About this task: In the entries below, find the line with "Once we've done" and the line with "The program bases", then retype both and everything between them exactly. Do not copy the pictures.

Recorded data:
--------
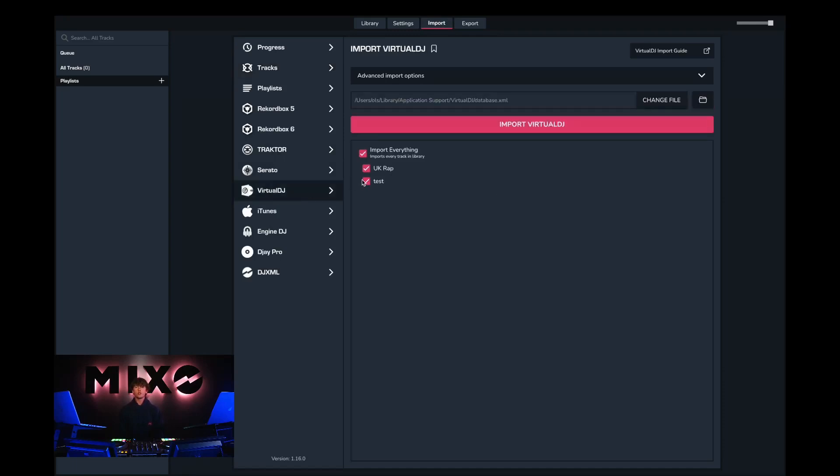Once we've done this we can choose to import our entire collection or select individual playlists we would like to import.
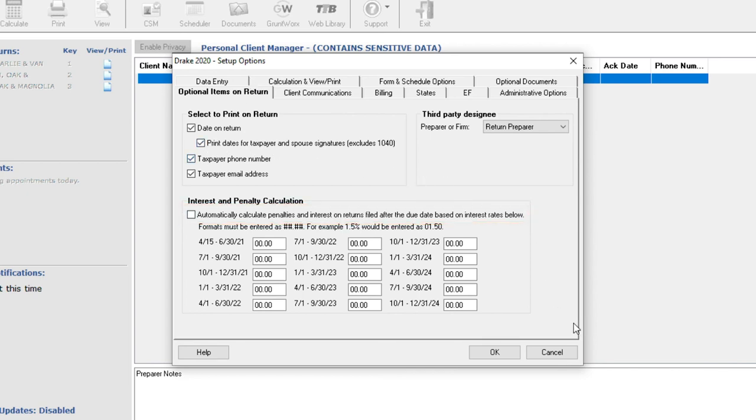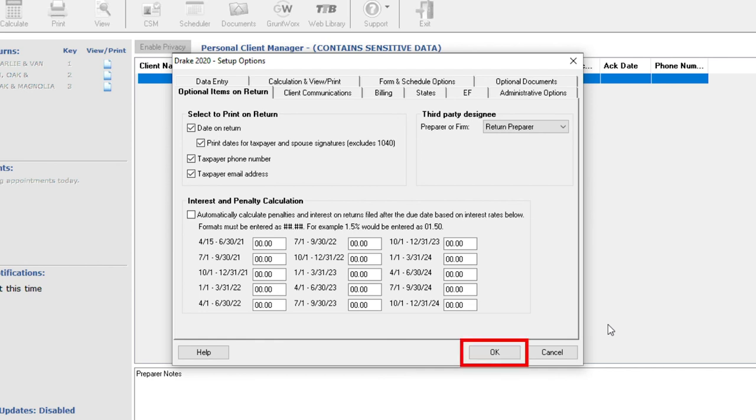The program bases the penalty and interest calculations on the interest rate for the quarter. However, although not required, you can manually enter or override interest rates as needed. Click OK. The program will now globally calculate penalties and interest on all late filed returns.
--------
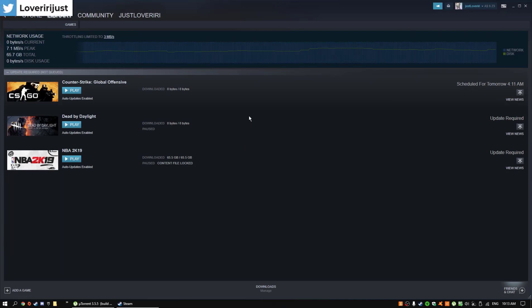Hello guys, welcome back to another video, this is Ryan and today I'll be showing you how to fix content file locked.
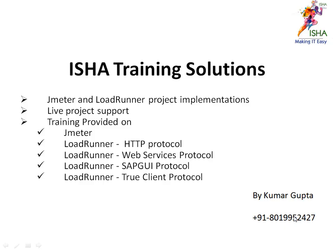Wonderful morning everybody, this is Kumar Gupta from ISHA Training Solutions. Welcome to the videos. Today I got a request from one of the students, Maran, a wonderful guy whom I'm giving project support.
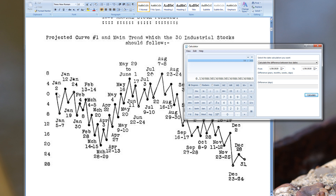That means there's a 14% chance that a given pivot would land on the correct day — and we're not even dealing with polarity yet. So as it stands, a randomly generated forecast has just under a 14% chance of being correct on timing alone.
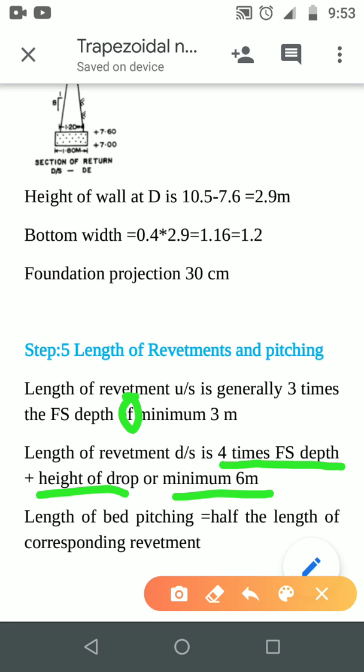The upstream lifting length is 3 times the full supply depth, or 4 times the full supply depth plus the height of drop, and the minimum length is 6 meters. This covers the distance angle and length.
--------
Response for this exercise:
Once we've done this we can choose to import our entire collection or select individual playlists we would like to import.
The program bases the penalty and interest calculations on the interest rate for the quarter. However, although not required, you can manually enter or override interest rates as needed. Click OK. The program will now globally calculate penalties and interest on all late filed returns.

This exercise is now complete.